●『杉の柩』 A・クリスティー クリスティー文庫 読了。
中盤までは、ありきたりと言っていいほどの内容である。事件の犯人はプロローグですでに裁判にかけられている。動機も手段も明白だし、多くの証拠が揃っているように見える。物語の展開も、よくある男女間の恋愛のもつれが描かれる。ところがこれが陳腐にも退屈にもならず、実に面白いのだ。何も引っかかることなくすいすいとページをめくってゆける。その分かりやすさは、大変なものである。そして結末。ありきたりで明白に思えた事件の様相が、突然がらりと変わる。そのダイナミックな展開には感心した。
二点、引っかかった個所がある。まず、(伏字)だということが、たぶん一般読者には分からない。私も、それ以前の「あの描写」がなんらかの伏線だろうということまでは気付いたが、あの記述の真の意味を読み取れなかった。

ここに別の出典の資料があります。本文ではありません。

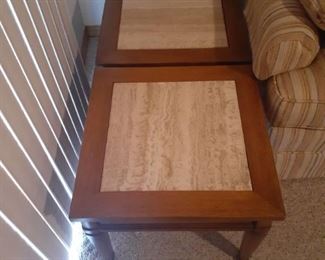 (2) Small, square side tables. 16 x 19 x 19 each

もう一点は、結末でポアロが手がかりとして挙げる、(伏字)の記述が、読了後にさかのぼって読み直しても見つけられなかったこと。ポアロは、読者が知らない情報に基づいて推理を進めたのか? いやもちろん、私の読み落としの可能性があるけれども。
この点を、先日「杉の柩」をお読みになったYK氏に、ネタバレで質問してみた。そのお返事によると、ポアロの情報源とは異なるが、読者に対して情報を提示する意味では、とある個所に明記されているという。自分で確認してみると、なるほど確かに、仰るとおりである。これですっきりした。すぐさま回答をいただけて、ありがたいことでございます。